Highlights & Insights¶
- Elegant design: The pre-trained model is used solely as a "matchmaker" (establishing correspondences) without directly participating in pose computation, eliminating scale alignment issues at the architectural level.
- Plug-and-play: The approach generalizes to other 3DGS SLAM systems that need to integrate external geometric priors.
- Rapid convergence: Stable accuracy is achieved in just 5 iterations, making it highly compatible with real-time systems.
Limitations & Future Work¶
- Loop closure detection is not incorporated; drift may still accumulate over long sequences.
- Dependence on the inference speed of pre-trained pointmap models may constrain real-time applicability.

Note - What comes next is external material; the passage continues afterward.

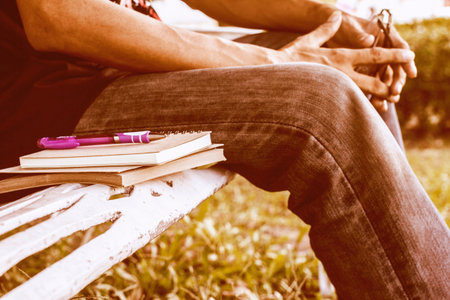 Diary of memories. Notebook and pen on steel benches in the park.の写真素材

- Evaluation is limited to static scenes; dynamic objects are not addressed.
Related Work & Insights¶
- MASt3R/DUSt3R: Provide powerful pre-trained pointmap priors, but direct application to SLAM introduces scale inconsistency.
- MonoGS: A pioneering 3DGS SLAM system, but suffers from convergence difficulties in outdoor scenes.

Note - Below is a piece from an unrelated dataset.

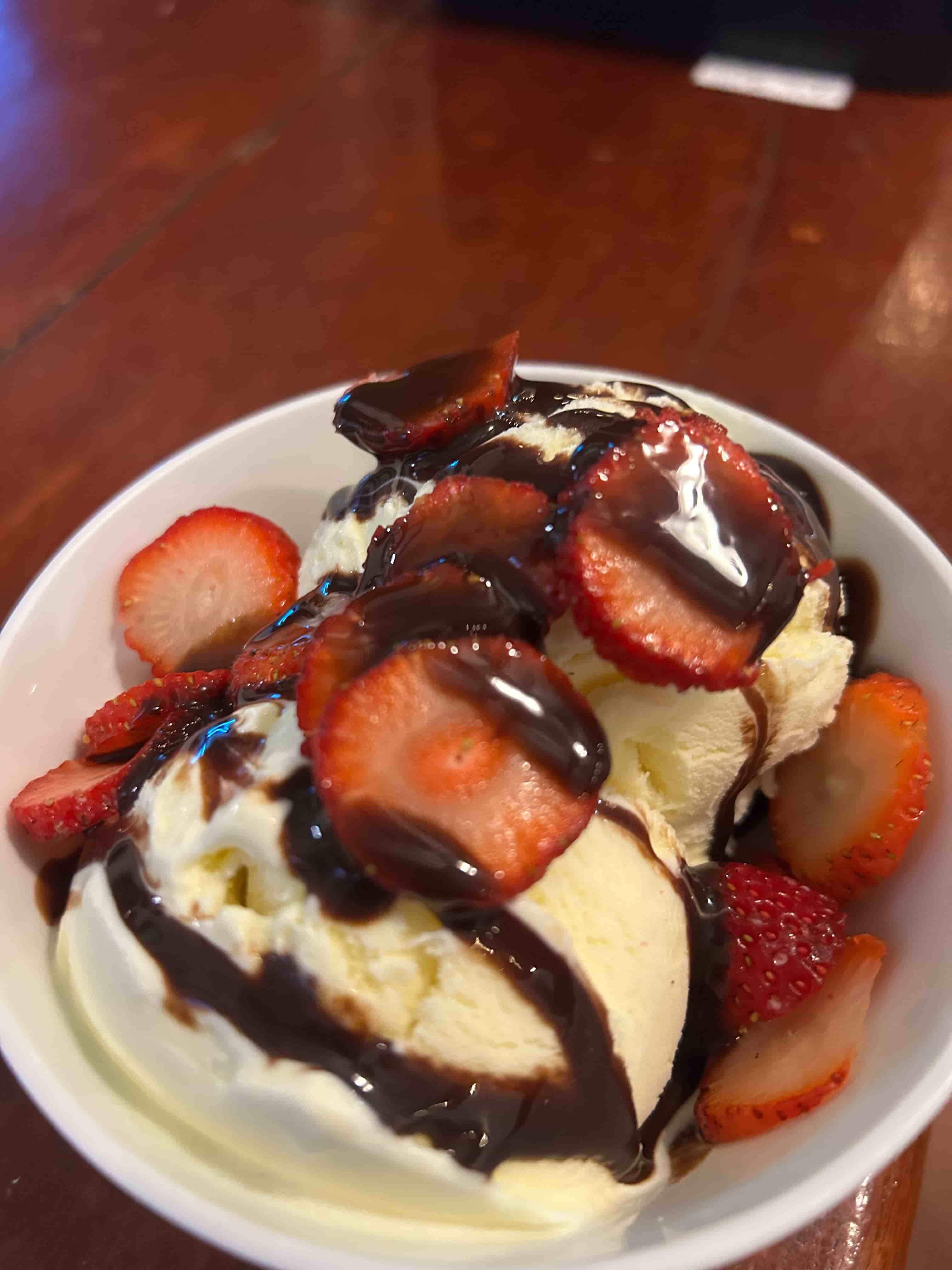 Postre de helado con fresas y chocolate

- GlORIE-SLAM: Achieves high tracking accuracy via inter-frame relationships, but does not support NVS.
Rating¶
- Novelty: ⭐⭐⭐⭐ (Scale self-consistent design is conceptually novel)
- Technical Depth: ⭐⭐⭐⭐ (Complete tracking-mapping pipeline)
- Experimental Thoroughness: ⭐⭐⭐⭐ (Three datasets + thorough ablations)
- Practical Value: ⭐⭐⭐⭐ (Directly targets outdoor scenarios such as autonomous driving)